Finanzen: Hamburger Banken haben Strafzinsen abgeschafft

Aber bei einigen anderen Wettbewerbern ist der Strafzins schon komplett weggefallen. Darunter sind zwei genossenschaftlich organisierte Institute aus Hamburg: Die PSD Bank Nord berechnet nach eigenen Angaben keine Negativzinsen mehr, die Sparda-Bank Hamburg auch nicht.

Die Abschaffung des Verwahrentgelts auf Giro- und Tagesgeldkonten zum 1. Juli begründete Stephan Liesegang, der Vorstandsvorsitzende der Sparda-Bank Hamburg, mit diesen Worten: „Wir gehen davon aus, dass die Europäische Zentralbank in Kürze die Leitzinsen erhöhen wird. Im Sinne unseres Förderauftrags als Genossenschaftsbank ist es uns wichtig, unsere Kundinnen und Kunden frühzeitig an dieser positiven Entwicklung teilhaben zu lassen.“ Die Bank hatte den Negativzins auch erst relativ spät – Anfang des Jahres 2021 – für Privatkunden eingeführt.

„Immer mehr Banken verabschieden sich von Negativzinsen"

Erhebungen des Online-Vergleichsportals Verivox zufolge haben per Mitte Juli bereits rund 50 Banken ihre Verwahrentgelte ganz oder teilweise wegfallen lassen. „Immer mehr Banken verabschieden sich von den Negativzinsen, ein historisches Zinsphänomen geht zu Ende“, sagt Oliver Maier, Geschäftsführer der Verivox Finanzvergleich GmbH.

Andererseits weisen laut Verivox noch immer 426 Banken Negativzinsen für Privatkunden aus. Das Verbraucherportal biallo.de nennt sogar eine Zahl von 582 Banken. Im Unterschied etwa zur Volksbank Bremerhaven-Cuxland gehört jedoch die Hamburger Volksbank weiter dazu. „Wir werden uns an den EZB-Zinsentscheidungen orientieren und die Verwahrentgelte entsprechend anpassen“, heißt es dort.

Eine weitere Zinsanhebung steht an

Am Finanzmarkt geht man davon aus, dass die Notenbank an diesem Donnerstag damit beginnt, ihre bereits angekündigte Zinswende konkret umzusetzen: Der wichtigste EZB-Leitzins, der sogenannte Hauptrefinanzierungssatz, dürfte auf 0,25 Prozent hochgesetzt werden. Er steht seit März 2016 bei null Prozent. Auch der sogenannte Einlagenzins, derzeit bei minus 0,5 Prozent, wird voraussichtlich erhöht, aber wohl noch negativ bleiben. Dieser Zins bestimmt, wie viel Geld die Banken bekommen – oder zahlen müssen –, wenn sie überschüssige Liquidität kurzfristig bei der EZB parken. Der negative Einlagenzins dient den Finanzinstituten als Rechtfertigung ihrer eigenen Strafzinsen.

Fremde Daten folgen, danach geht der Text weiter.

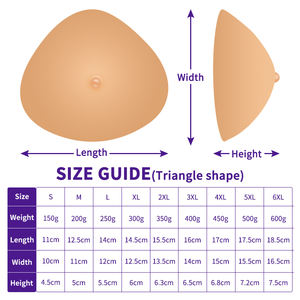 Bantalan Bra bentuk payudara silikon ringan, prostesis payudara palsu untuk mastektomi payudara cekung satu buah - Product Image 6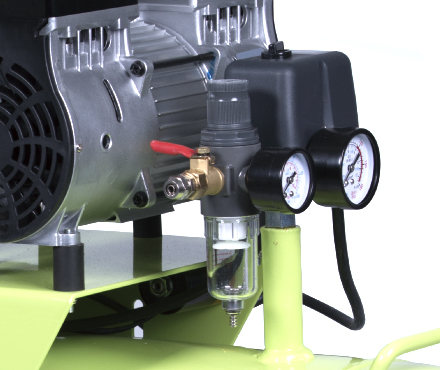 硅莱GA-84静音无油空压机安全阀细节图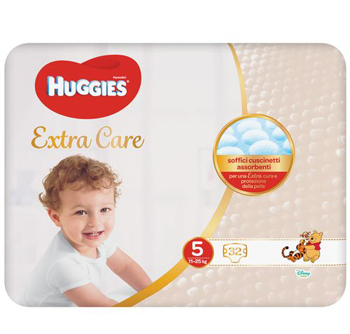 HUGGIES EXTRA CARE GRANDE 5 32 PEZZI - Pharmaleader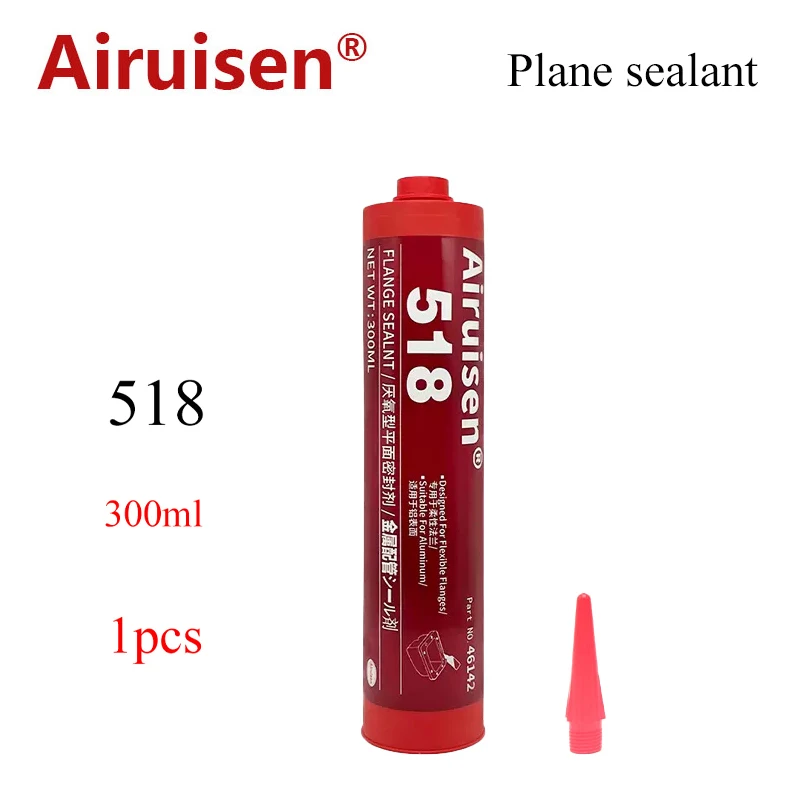 

Ai Rui Sen 518 Plane Sealant Flange Gear Metal Plane Sealant High Temperature Oil Resistant Anaerobic Glue 300ml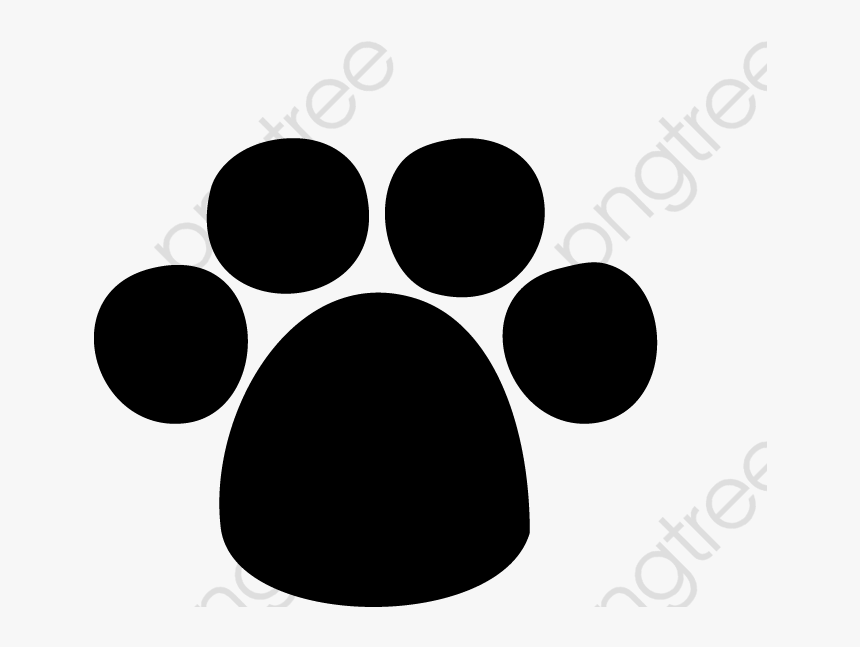 Puppy Footprints, Puppy Clipart, Black, Footprint Png, Transparent Png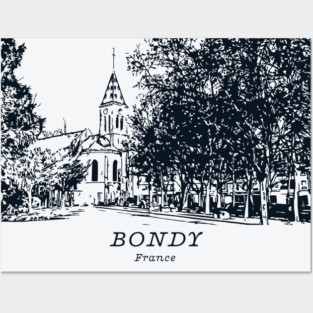 Bondy - France Posters and Art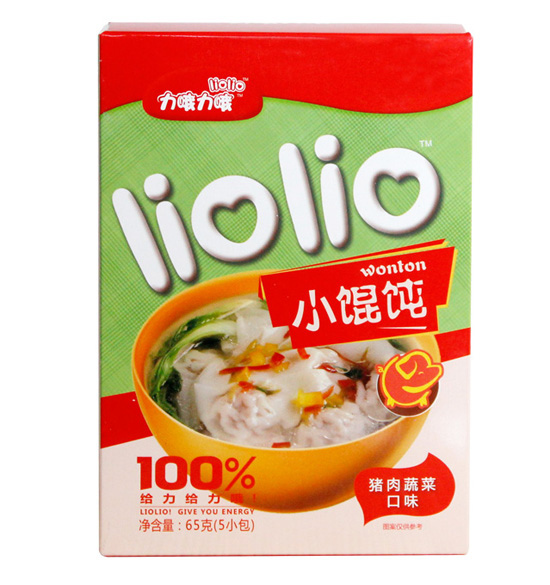 力哦力哦小餛飩豬肉蔬菜口味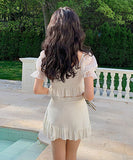 水着 大人 可愛い ビキニ 着瘦せ 韓国ファッション  仙女style  LT7-DPA29854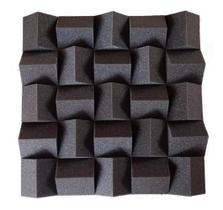 Difusor Acústico Alpha 70Mm 8 Placas Cinza Grafite Difusor Acústico Alpha 70Mm 8 Placas Cinza Grafite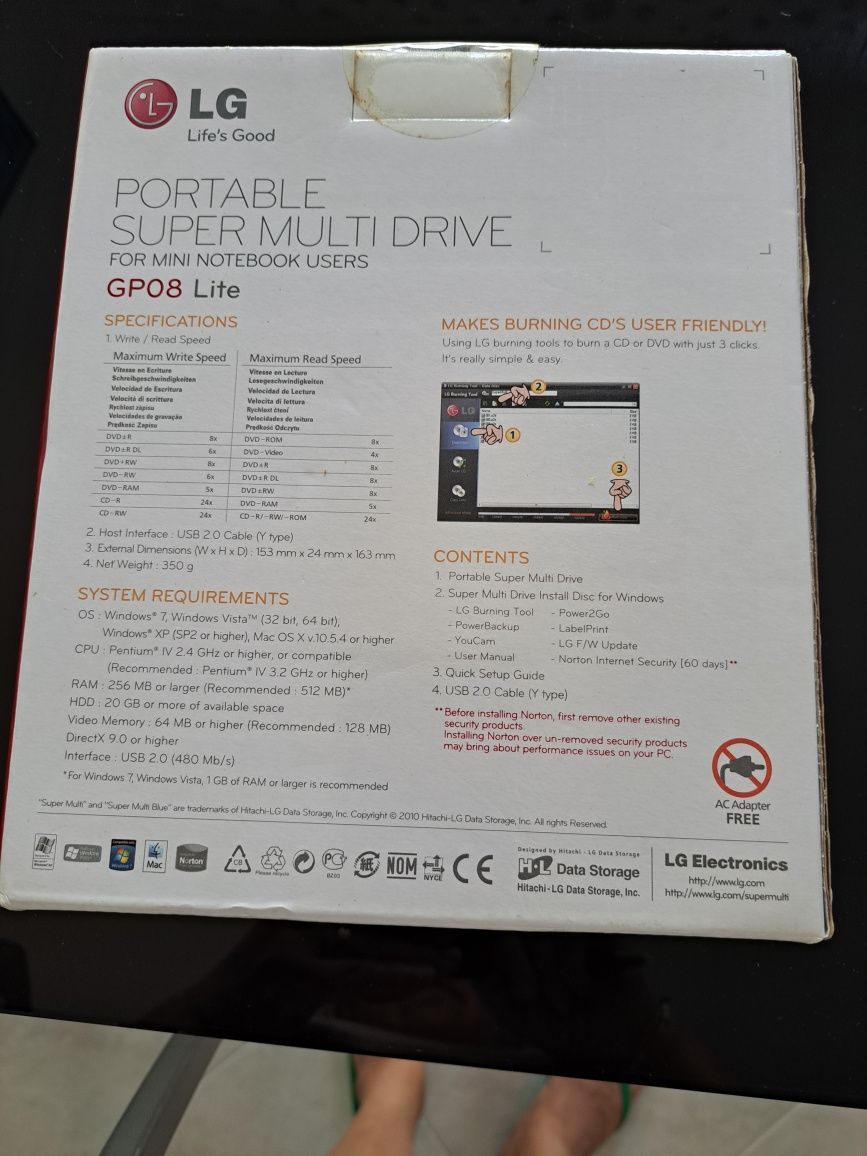 Leitor portátil de cds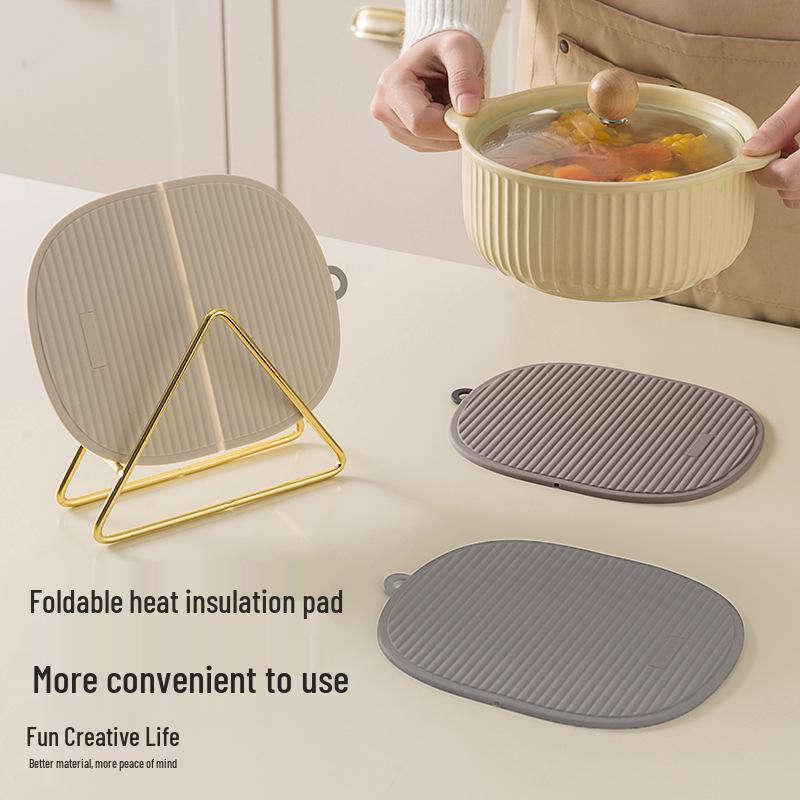 Silicone Heat-Resistant Foldable Pot Mat & Anti-Scald Coaster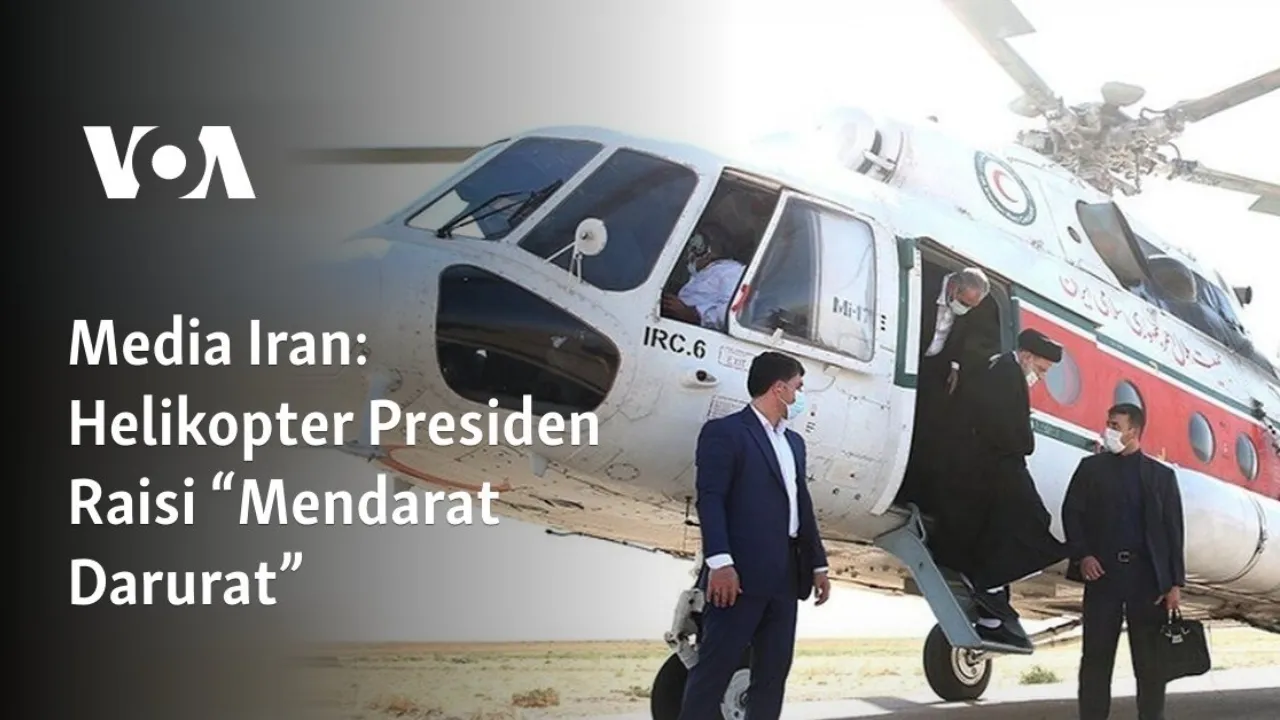 Jatuhnya Helikopter Yang Di Tumpangi Presiden Iran Ebrahim Raisi Beserta Rombongannya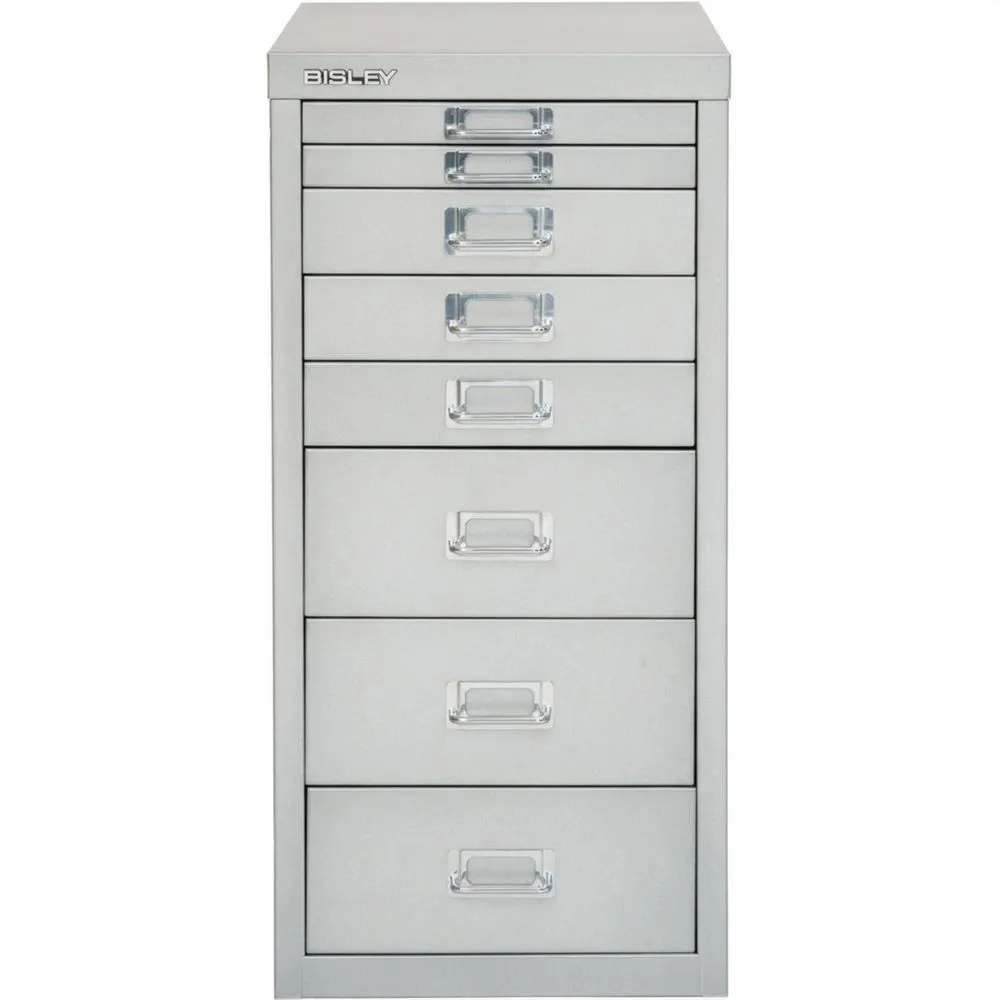 Metall-Aktenschrank mit 8 Schubladen, DIN A4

Nach der Sommerpause, im September, steht angesichts der aktuell enorm hohen Inflationsraten eine weitere Zinsanhebung an. Dann dürfte der Einlagensatz mindestens auf Null gesetzt werden. In den USA und Großbritannien hatten die dortigen Notenbanken die Leitzinsen bereits vor Monaten deutlich erhöht.

Haspa will Anhebung der Zinsen an Kunden weitergeben

Wie die Hamburger Volksbank hat auch die Haspa angekündigt, die Beschlüsse der EZB unmittelbar mit Wirkung für die eigenen Kunden nachzuvollziehen. „Die Haspa wird die für den 21. Juli erwartete Anhebung der Zinsen für Einlagen durch die EZB direkt an ihre Kunden weitergeben und ihre Konditionen beim Verwahrentgelt automatisch anpassen“, sagt Stefanie von Carlsburg, Sprecherin der Sparkasse. „Wenn die EZB wie angekündigt im September den Strafzins abschafft, wird auch die Haspa ihre Verwahrentgelte beim Girokonto umgehend ganz abschaffen“, heißt es weiter.

Stephan Liesegang, Vorstand Sparda Bank.
Stephan Liesegang, Vorstand Sparda Bank. © Unbekannt | David Maupilé

Zwar gehört die Haspa beim Abschied vom Strafzins nicht zu den Vorreitern. Im Hinblick auf die Sparkonditionen ist sie aber weit vorn mit dabei. So haben die Hamburger die Zinsen für Festgeldanlagen bereits Ende April spürbar angehoben. Für einen Anlagezeitraum von drei Jahren stiegen die Zinsen von 0,20 auf 0,70 Prozent pro Jahr. Für Fünfjahresfestgeld legte der Zins auf 1,10 Prozent zu – selbst aktuell beträgt der bundesweite Durchschnittswert für vergleichbare Sparanlagen, ermittelt von der FMH-Finanzberatung, erst 0,81 Prozent.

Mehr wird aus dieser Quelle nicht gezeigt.